«Le candidat idéal»: les conséquences d’une arrivée de Mark Rutte à la tête de l’OTAN
Mark Rutte semble s’être imposé pour succéder à Jens Stoltenberg. Une victoire qui donne une idée de ce que pourrait devenir l’OTAN dans les années à venir, mais aussi de la méthode employée par l’alliance pour gérer les difficultés qui l’attendent.
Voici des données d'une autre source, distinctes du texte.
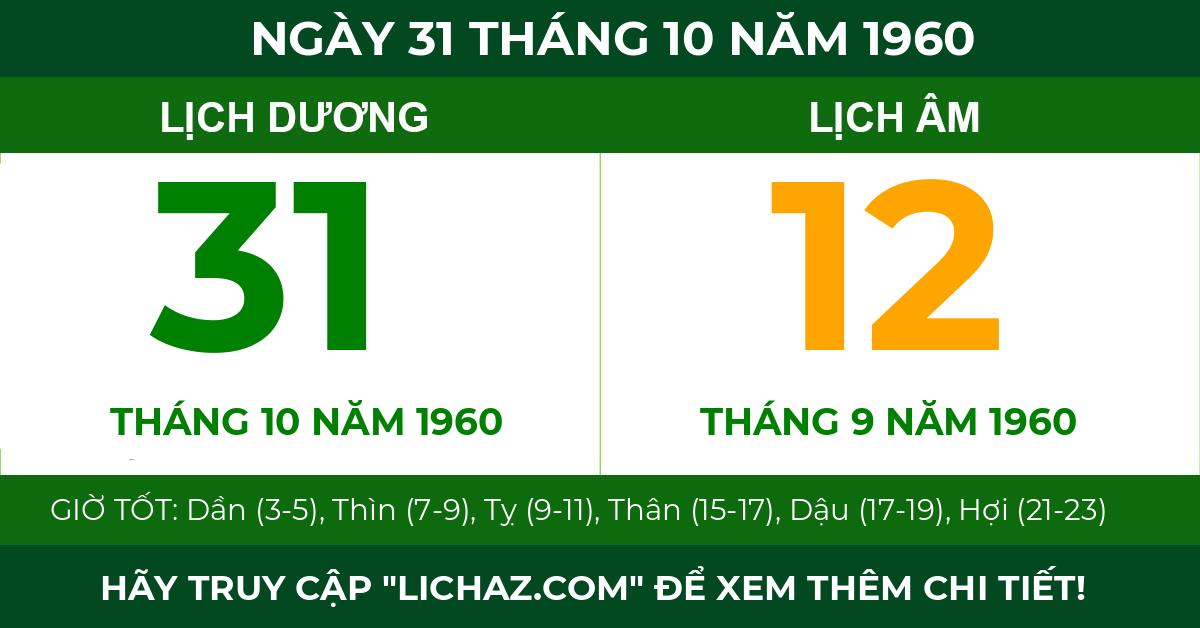lịch âm ngày 31 tháng 10 năm 1960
La fumée blanche à l’OTAN? Après le retrait cette semaine de la candidature du président roumain Klaus Iohannis, le Premier ministre néerlandais Mark Rutte semble désormais le seul en lice pour devenir le prochain secrétaire général de l’Alliance atlantique. Il faudra attendre le sommet de Washington, du 9 au 11 juillet, pour que sa désignation soit confirmée par consensus des 32 pays membres. Mais de toute évidence, la messe est dite: ce sera bien lui le successeur du Norvégien Jens Stoltenberg, détenteur du très convoité poste depuis 2014.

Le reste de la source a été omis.